In the 30 days leading up to the election, the RIO team collected real-time social media data to search for and analyze the spread of disinformation. In total, they compiled 28 million Twitter posts from 1 million accounts. Then, using the RIO system, they were able to detect disinformation accounts with 96 percent precision.
What makes the RIO system unique is that it combines multiple analytics techniques in order to create a comprehensive view of where and how the disinformation narratives are spreading.
“If you are trying to answer the question of who is influential on a social network, traditionally, people look at activity counts,” says Edward Kao, who is another member of the research team. On Twitter, for example, analysts would consider the number of tweets and retweets. “What we found is that in many cases this is not sufficient. It doesn’t actually tell you the impact of the accounts on the social network.”
As part of Kao’s PhD work in the laboratory’s Lincoln Scholars program, a tuition fellowship program, he developed a statistical approach — now used in RIO — to help determine not only whether a social media account is spreading disinformation but also how much the account causes the network as a whole to change and amplify the message.

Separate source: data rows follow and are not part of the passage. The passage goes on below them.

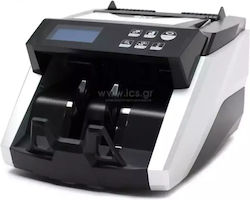 Zebra Geldzähler für Rechnungen Gemischte Zähler mit Ultraviolett (UV) Magentisch (MG) Erkennung von gefälschten Banknoten Zebra Geldzähler für Rechnungen Gemischte Zähler mit Ultraviolett (UV) Magentisch (MG) Erkennung von gefälschten Banknoten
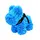 Roses Teddy "Dog". Dim. 40cm. In "Decorative Package ".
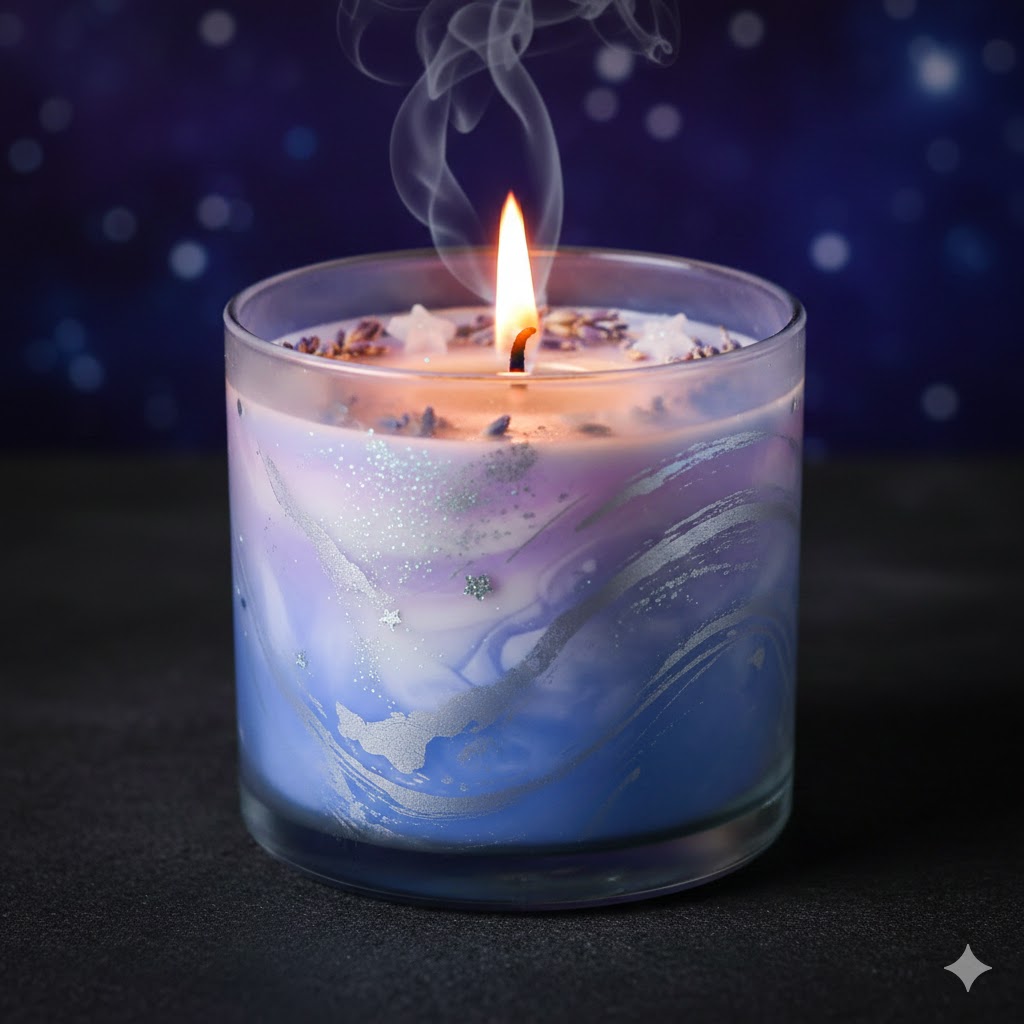 Celestial Dreams Scented Candle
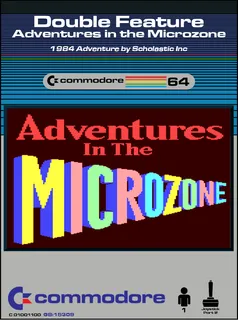 Double Feature : Adventures in the Microzone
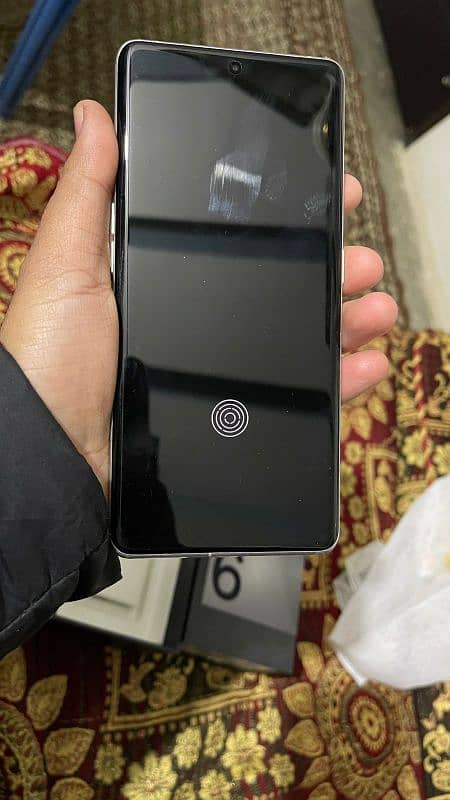 oppo find x6 pro good condition with full box 16/512 official pta 4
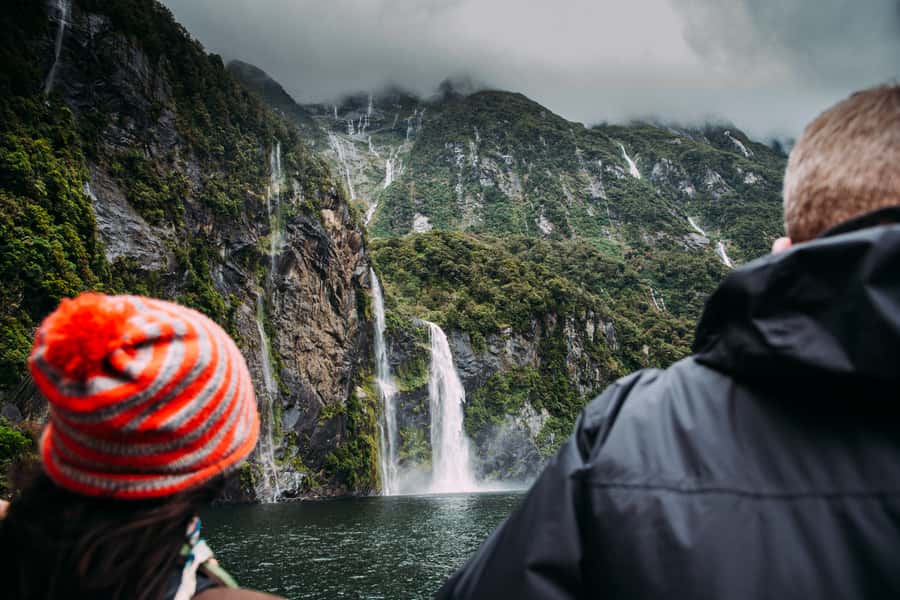 From Te Anau: Milford Sound Small-Group Tour Including Lunch - Eglinton Valley: seeing glacier-carved scenery up close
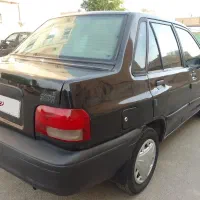 پراید دوگانه کارخانه کاملا خانگی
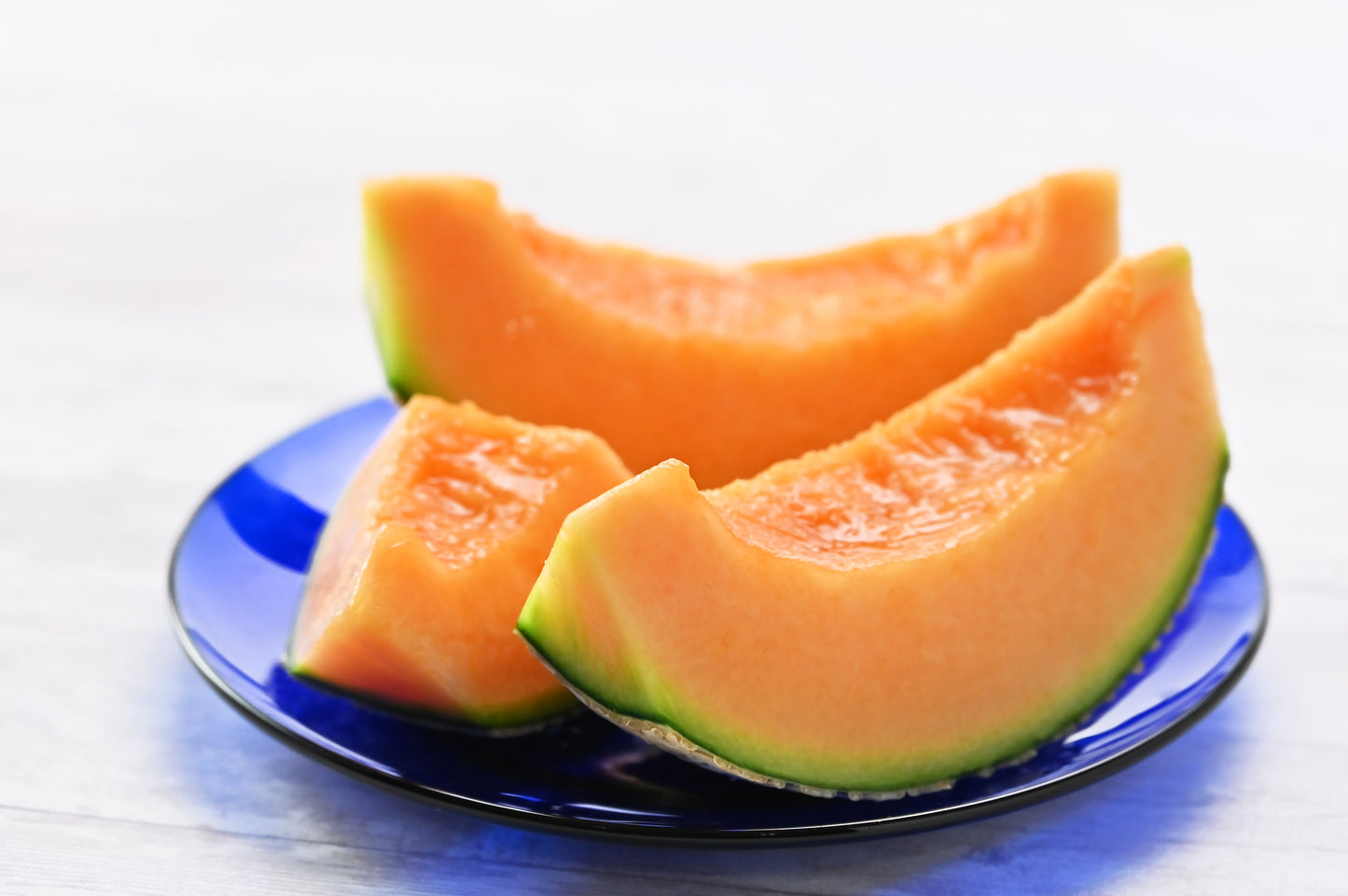 Orange Musk Melon 1.5kg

Erika Mackin, another research team member, also applied a new machine learning approach that helps RIO to classify these accounts by looking into data related to behaviors such as whether the account interacts with foreign media and what languages it uses. This approach allows RIO to detect hostile accounts that are active in diverse campaigns, ranging from the 2017 French presidential elections to the spread of Covid-19 disinformation.
Another unique aspect of RIO is that it can detect and quantify the impact of accounts operated by both bots and humans, whereas most automated systems in use today detect bots only. RIO also has the ability to help those using the system to forecast how different countermeasures might halt the spread of a particular disinformation campaign.
The team envisions RIO being used by both government and industry as well as beyond social media and in the realm of traditional media such as newspapers and television. Currently, they are working with West Point student Joseph Schlessinger, who is also a graduate student at MIT and a military fellow at Lincoln Laboratory, to understand how narratives spread across European media outlets. A new follow-on program is also underway to dive into the cognitive aspects of influence operations and how individual attitudes and behaviors are affected by disinformation.
“Defending against disinformation is not only a matter of national security, but also about protecting democracy,” says Kao.